Les Tziganes sont maltraités en Europe depuis qu'ils y sont arrivés, depuis cinq siècles. Mais quelle "coïncidence"!!! Ce fut justement au commencement des "Temps Nouveaux", à la Renaissance de ce qu'on appela humanisme : l'ère qui mit fin aux "ténèbres du moyen âge", mais aussi l'ère avec laquelle commença la chasse à l'homme noir en Afrique, et à l'homme rouge en Amérique. On a décimé les Noirs en Afrique avec la Traite. On a décimé l'homme rouge en Amérique Latine en le mettant en l'esclavage; on l'a supprimé en Amérique du Nord pour "libérer les terres des sauvages". Ce fut le "Progrès" voyons, les "Temps Nouveaux" nés avec Christophe Colomb! Les exterminations systématiques et froidement calculées des Peaux-Rouges ont même servi de modèle à Hitler, pour faire périr 200.000 Tziganes dans les Fours à Gaz de NOTRE civilisation, seule digne de ce nom comme chacun de nous en est convaincu et comme nous le répètent à chaque occasion nos modestes Pandits. Il est bon que l'on continue à rappeler aux "oublieux" les 6.000.000 de Juifs, mais pourquoi ne jamais parler des 200.000 Tziganes? Serait-ce parce qu'on ne trouve pas ce chiffre assez impressionnant? ou plutôt parce que chez les Juifs il y a des banquiers, des hommes de lettres, des journalistes, des savants, des artistes célèbres pour mettre notre nez dans notre caca?? Chez les Tziganes il n'y a rien de tout cela. Ah! Pardon, des artistes il y en a, mais pas de journalistes pour les faire valoir. Le pire est qu'ils sont trop modestes. Ils vivent avec la Nature (sauf les dénaturés "assimilés"). Ils n'inventeront jamais de Bombe à Hydrogène. Ils n'inventeront jamais notre Pollution de la Nature. Ils l'aiment la Nature, notre Mère à tous. Ils l'adorent, mais ils ne l'adorent que pour l'adorer, tandis que nous, nous l'adorons pour la VIOLER.

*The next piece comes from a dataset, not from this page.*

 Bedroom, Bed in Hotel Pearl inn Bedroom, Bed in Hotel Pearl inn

Pendant que Hitler faisait périr 200.000 Tziganes dans les Fours de notre civilisation, "seule digne de ce nom", le meilleur argument dont se servaient les rabatteurs des boîtes de nuit de Pigalle pour attirer les Allemands était : "Zigeuner Musik, Zigeuner Tanz, Zigeuner Mädchen(filles)". Sans peur des contradictions, les officiers SS venaient écouter Django Reinhardt. Pour les "filles" ils restaient sur leur faim. Les filles des Tziganes se donnent mais ne se vendent pas, et elles ne se donnent pas à des Gadjos.

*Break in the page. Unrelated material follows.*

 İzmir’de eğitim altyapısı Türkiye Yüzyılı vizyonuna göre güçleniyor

Avant l'arrivée des Allemands pour occuper la France, on chantait à Paris, à Pigalle ou ailleurs, "Bohémieeeeeenne aux graaaands yeux nouaaaaars". Mais la Bohémienne répondait "Stationnement interdit aux Narcisses", et pas aux Nomades, pour une fois.

BASILE Y.
Web : basile-y.com

1/. François de Vaux de Foletier, MILLE ANS D'HISTOIRE DES TZIGANES, éditions Fayard, 1970, page 62.
2/. Idem, page 63.
3/. Les Bohémiens appellent tout non-Tzigane "Gadjo". Ce n'est pas un péjoratif, il parait que cela veut dire "homme du pays".

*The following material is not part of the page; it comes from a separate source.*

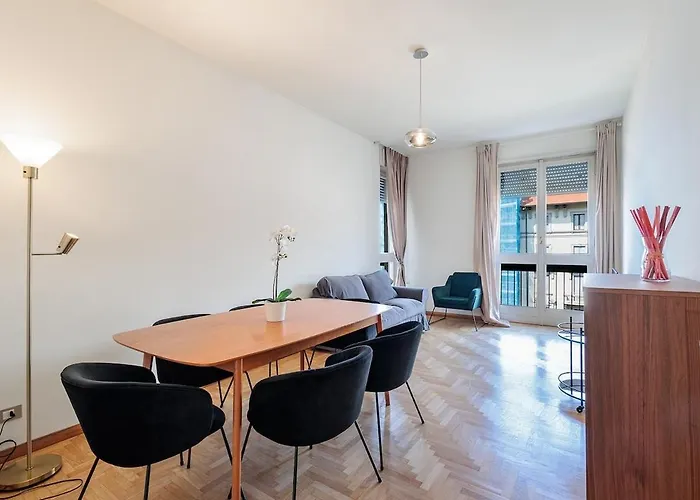 Station 3 Bedrooms & 2 Bathrooms - B *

4/. De Foletier, ouvrage cité, page 65.
5/. On les avait pris pour des Conquistadores, comme ces Caballeros sont décrits dans l'historiette No.9.
6/.Cité de l'Introduction au DICCIONARIO GITANO-ESPAÑOL Y ESPAÑOL-GITANO, de Tíneo Reboledo, Barcelona 1909.
7/. Parce qu'il trouvait qu'il n'y avait pas de beauté égale à la sienne en Hellade.
8/. Michel de Montaigne, LES ESSAIS, Gallimard 1965, tome II, page 98(L.II, Ch. XII).